The default value for dynamicdateformats is:
[ "strict_date_optional_time","yyyy/MM/dd HH:mm:ss Z||yyyy/MM/dd Z"]
nested_object_numeric_detection
Type: bool
Default: true
While JSON has support for native floating point and integer data types, some applications or languages may sometimes render numbers as strings.
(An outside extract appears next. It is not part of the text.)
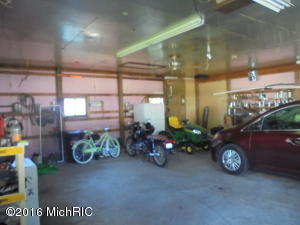 425 Garden, Muir, MI 48860 photo 30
Usually the correct solution is to map these fields explicitly, but numeric detection (which is disabled by default) can be enabled to do this automatically.
nested_object_text_mapping
Type: String (as JSON)
Default: {
"type": "keyword",
"ignore_above": 10922,
"normalizer": "lowercase",
"copy_to": "zdb_all"
}
By default, ZomboDB will map "string" properties found in nested objects (fields of type 'json' or 'jsonb') using the above type mapping -- they'll be indexed as full-value keywords.
You can override this at CREATE INDEX
time.
Advanced Options
include_source
Type: bool, default 'true'
Should the source of each row be included in the _source field of the document within Elasticsearch?
Turning this off is useful for reducing the size of the documents, but it's not recommended for production use. The primary problem with this is that it makes it impossible to properly UPDATE/DELETE rows. This is for experts only.
options
Type: comma-separated String of index link definitions
options
is a ZomboDB-specific string that allows you to define how this index relates to other indexes. This is an
advanced-use feature and is documented here.
Changes via ALTER INDEX
take effect immediately.
field_lists
Type: comma-separated String
Allows to define lists fields that, when queried, are dynamically expanded to search their defined list of other fields. The syntax for this setting is:
field_lists='fake_field1=[a, b, c], fake_field2=[d,e,f], ...'
This can be useful, for example, for searching all "date" fields at once, or defining a set of fields that represent "names" or "locations". Note that each field in a list must be of the same underlying Postgres data type.
Changes via ALTER INDEX
take effect immediately.